Golod-Shafarevich groups and Kazhdan's property (T)

戈洛德-沙法列维奇集团和卡兹丹的财产 (T)

• 批准号: 1201452
• 负责人: Mikhail Ershov
• 金额: $ 16.13万
• 依托单位: University of Virginia Main Campus
• 依托单位国家: 美国
• 项目类别: Standard Grant
• 财政年份: 2012
• 资助国家: 美国
• 起止时间: 2012-09-01 至 2016-08-31
• 项目状态: 已结题
• 来源: https://www.nsf.gov/awardsearch/showAward?AWD_ID=1201452&HistoricalAwards=false
• 关键词: Golod; Shafarevich; groups; Kazhdan; property

This project is primarily concerned with Golod-Shafarevich groups, a class of groups which admit a presentation with a small set of relations. Golod-Shafarevich groups have been originally introduced as a tool for solving two outstanding problems -- the class field tower problem and the general Burnside problem -- and continue to play an important role in various areas of mathematics, including geometric group theory, algebraic number theory and three-manifold topology. The Principal Investigator will continue studying the subgroup structure of these groups, their asymptotic invariants (e.g., rank gradient and subgroup growth) and certain aspects of their representation theory (primarily properties (T) and (tau)). Special attention will be devoted to Golod-Shafarevich groups of number-theoretic origin, e.g. Galois groups of pro-p extensions of number fields with restricted ramification, and Kac-Moody pro-p groups over finite fields. The Principal Investigator will also continue his work on constructing new groups with property (T) with prescribed largeness properties.Groups play a fundamental role in mathematics by describing symmetries of various objects like geometric figures or number systems. A group can often be presented by generators and relations which provide a simple way to define the group but usually offer little insight into its structure. This project will develop new tools that can help better understand a group based on its presentation by generators and relations which, in turn, can yield new information about the object whose symmetries the group describes. The findings of the project will likely have applications beyond group theory, e.g., in the areas of three-manifold topology, number theory and graph theory.

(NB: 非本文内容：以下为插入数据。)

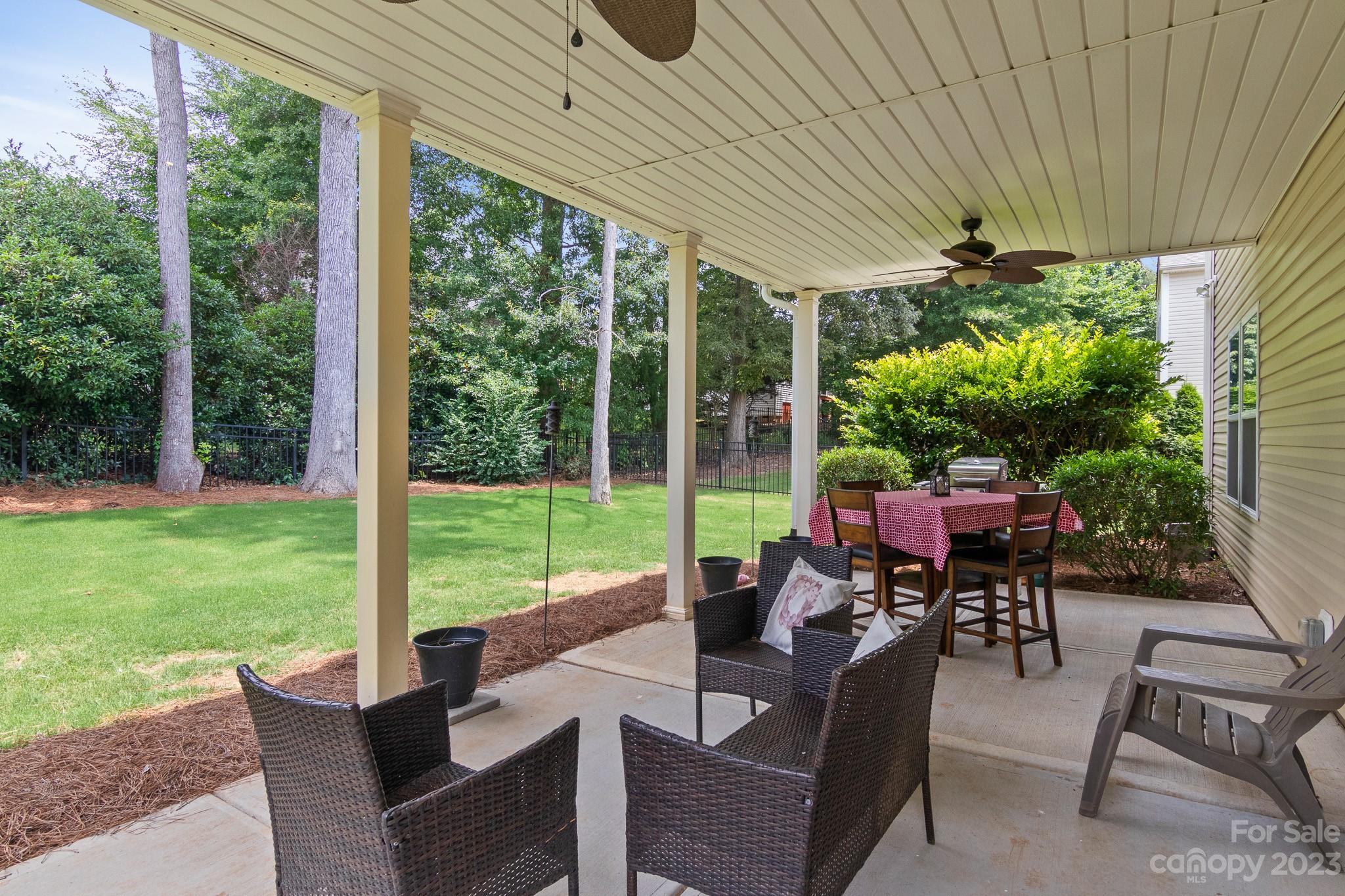 7228 Meyer Road Fort Mill, SC 29715 - Photo 43 of 45 a view of a patio with table and chairs potted plants and a palm tree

该项目主要关注gold - shafarevich群，这是一类允许具有少量关系集的表示的群。gold - shafarevich群最初是作为解决两个突出问题（类场塔问题和一般Burnside问题）的工具引入的，并继续在数学的各个领域发挥重要作用，包括几何群论，代数数论和三流形拓扑。首席研究员将继续研究这些群的子群结构，它们的渐近不变量（例如，秩梯度和子群增长）和它们的表示理论的某些方面(主要是性质（T)和（tau））。特别注意将致力于数论起源的gold - shafarevich群，例如具有限制分支的数域的pro-p扩展的Galois群，以及有限域上的Kac-Moody pro-p群。首席研究员还将继续他的工作，以构建具有规定的大属性的具有属性(T)的新群。群在数学中扮演着重要的角色，它描述了各种物体的对称性，比如几何图形或数字系统。组通常可以通过生成器和关系来表示，这些生成器和关系提供了一种定义组的简单方法，但通常无法深入了解其结构。这个项目将开发新的工具，可以帮助更好地理解基于生成器和关系的组，反过来，可以产生关于组所描述的对称对象的新信息。该项目的研究结果可能会有超越群论的应用，例如，在三流形拓扑，数论和图论领域。